By Durga Chakravarty
Hong Kong, Feb 20 (IANS) Want to know how exactly feeding penguins or watching the world's oldest panda eat or play around feels like? One can be witness to all the excitement at the Ocean Park, a marine mammal park and animal theme park here.
Home to over 20 species of penguins, including king penguins, rockhopper penguins and gentoo penguins, the Ocean Park also offers an encounter element for visitors who like to get up, close and be personal with them.
This starts with a brief educational class and an interactive session about the flightless bird, which is mostly found in the Antarctica region.
Once the 15-minute class gets over, visitors are given sterilised clothing, boots, gloves and goggles. After entering the area visitors are allowed to pet the penguins and also feed them fish.

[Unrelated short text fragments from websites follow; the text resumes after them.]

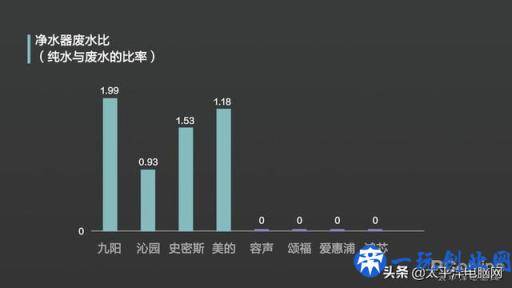 8款热销净水器横评 一款产品不达标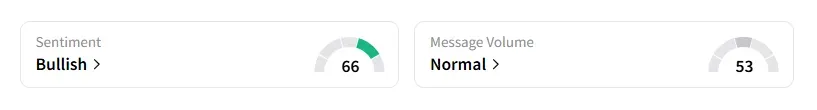 DASH sentiment.png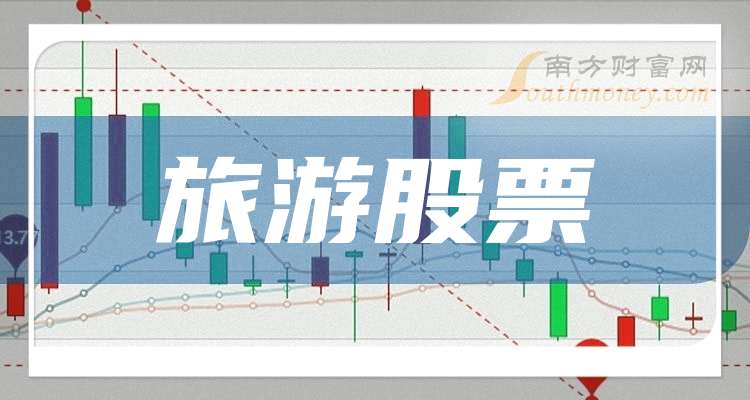 旅游板块(旅游板块五一是否有机会) 旅游板块(旅游板块五一是否有机会)
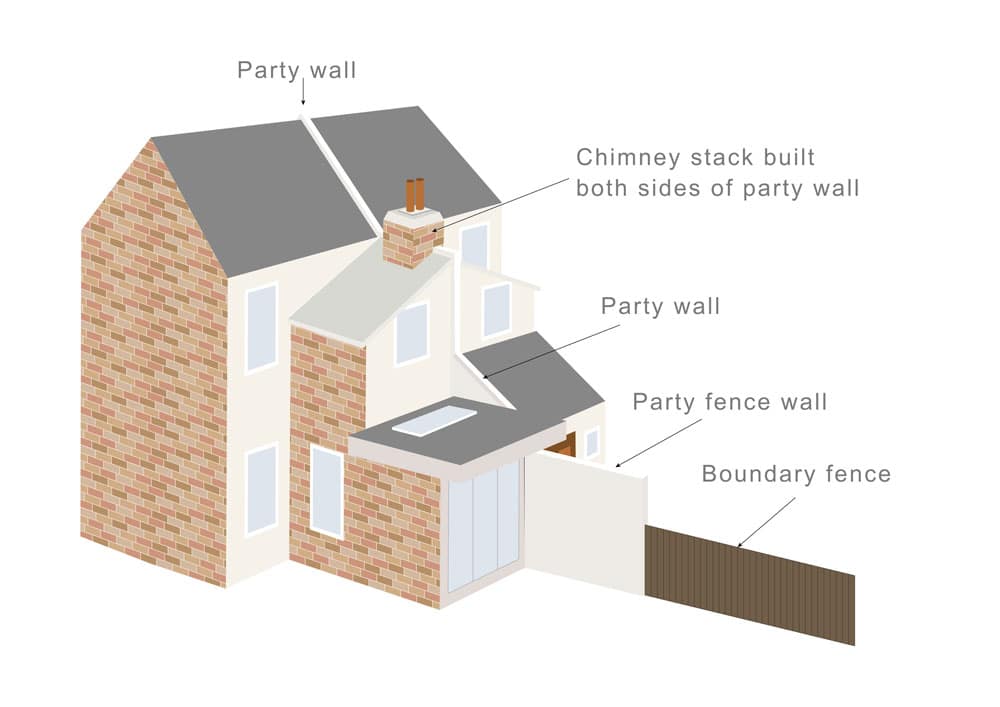 What is a Party Boundary? - Faulkner's Surveyors 1 The Role of Faulkner Surveyors in Party Wall Matters Milton-Keynes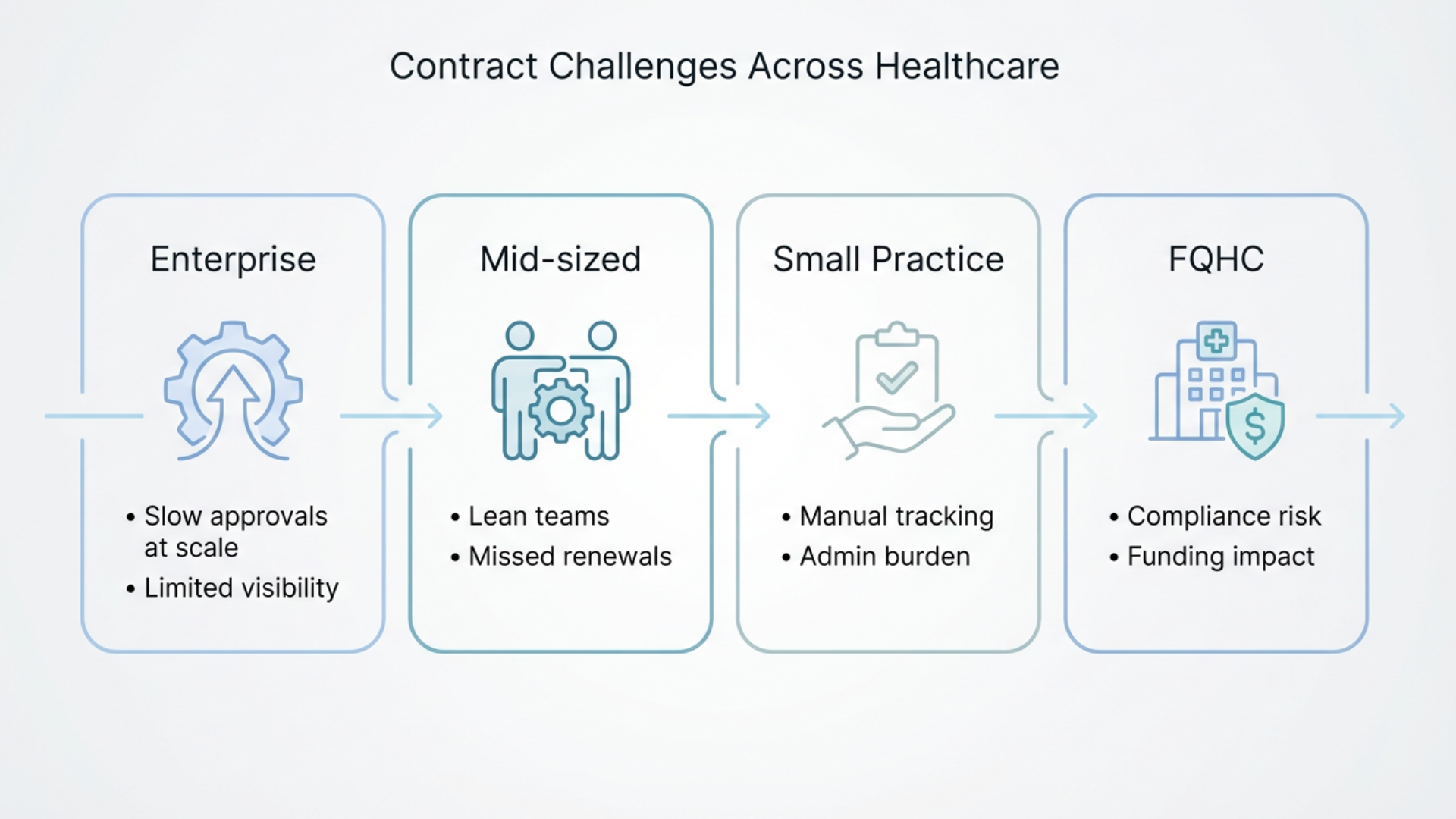 contract-challenges-across-healthcare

The penguin exhibit replicates the environs in Antarctica keeping in mind their habitat. It focusses on humans lowering the carbon footprint that affects animals living in icy habitats, by pledging to reduce, recycle, reuse and save energy, among other issues.
But that's not all.
The theme park is not just limited to penguins, sea lions and dolphins. Spread across 91.5 hectares of land in the south Hong Kong island region, it is also a home to several exotic and endangered animals like the giant pandas, the Sichuan golden snub-nosed monkey, sea otters, red pandas and koala bears.
The park is known to have four giant pandas - with two, Jia Jia and An An, being the oldest.
The endangered golden monkey is said to be a gift from a Chinese province.
The theme park also offers 27 rides of myriad intensities, and a gigantic aquarium that boasts about 5,000 fish of over 400 species such as the hammerhead shark, giant crabs, giant Pacific octopus and the mantaray, to name just a few.
How many people does it take to run such a park?
"We have over 2,400 people working for us," its chief executive, Tom Mehrmann, told a visiting IANS correspondent.
India is a huge market for Ocean Park.
"I may be slightly off on the numbers, but in 2014 about 550,000 people from India came to Hong Kong. About 50 percent of that number came to Ocean Park; so it tells us India is a critically important market," Mehermann added.